The cell was designed to be a sensor by itself consisting of a rigid coaxial transmission line. The soil sample is arranged in the annulus between inner and outer conductor and the erosion process of the sample inside the cell is triggered by a water flow against the direction of gravity. The hydraulic boundary conditions are monitored by pressure transducers along the cell and a flow meter. The dimensions of the setup is unique and the concept of monitoring a transient process with changing porosity conditions in a coaxial cell is original.

A key for the efficiency of Spatial TDR is the inversion principle, which consists of three fundamental steps explained in detail within this contribution. The first step is the computation of the capacitance profile along the cell based on TDR measurements. This step is computational expensive and requires some time. The second step is the calculation of the dielectric permittivity profile along the cell from the capacitance profile using a geometrical function specific to the cell. Finally, the porosity profile is computed from the dielectric permittivity profile using a calibrated mixing equation.

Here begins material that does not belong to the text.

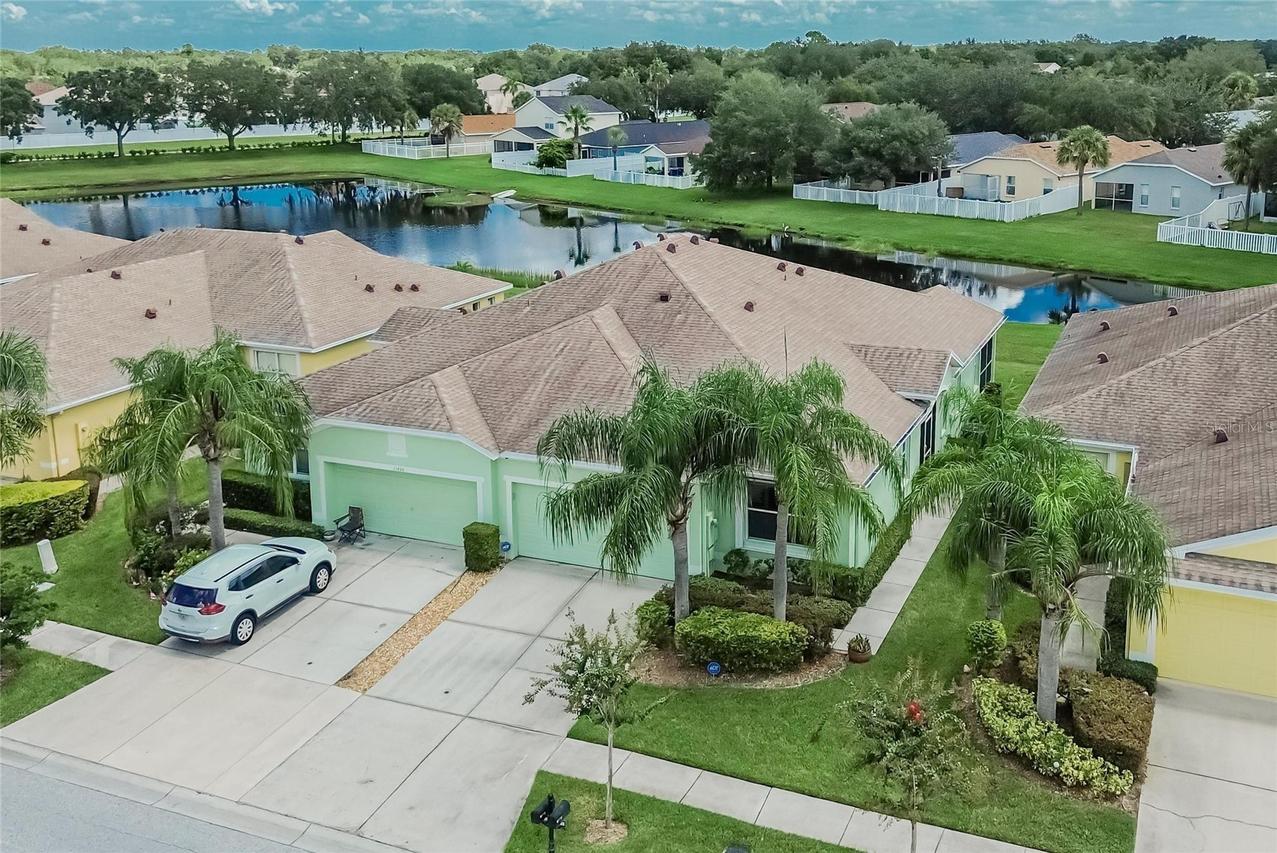11428 Captiva Kay Dr., Riverview, FL 33569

Every step of the proposed method and the used models have been validated individually. Measurements with media of known dielectric permittivity have been used to validate the inversion algorithm. The inversion procedure was designed to be fast, robust and efficient. Erosion tests show a good accuracy with RMSE values varying between 2.3% and 5.8% with a satisfactorily high resolution of the determined porosity profiles.

Future erosion experiments will focus on the evolution of the mixing zone at the interface between base and filter material to improve our understanding of the onset and progress of internal erosion.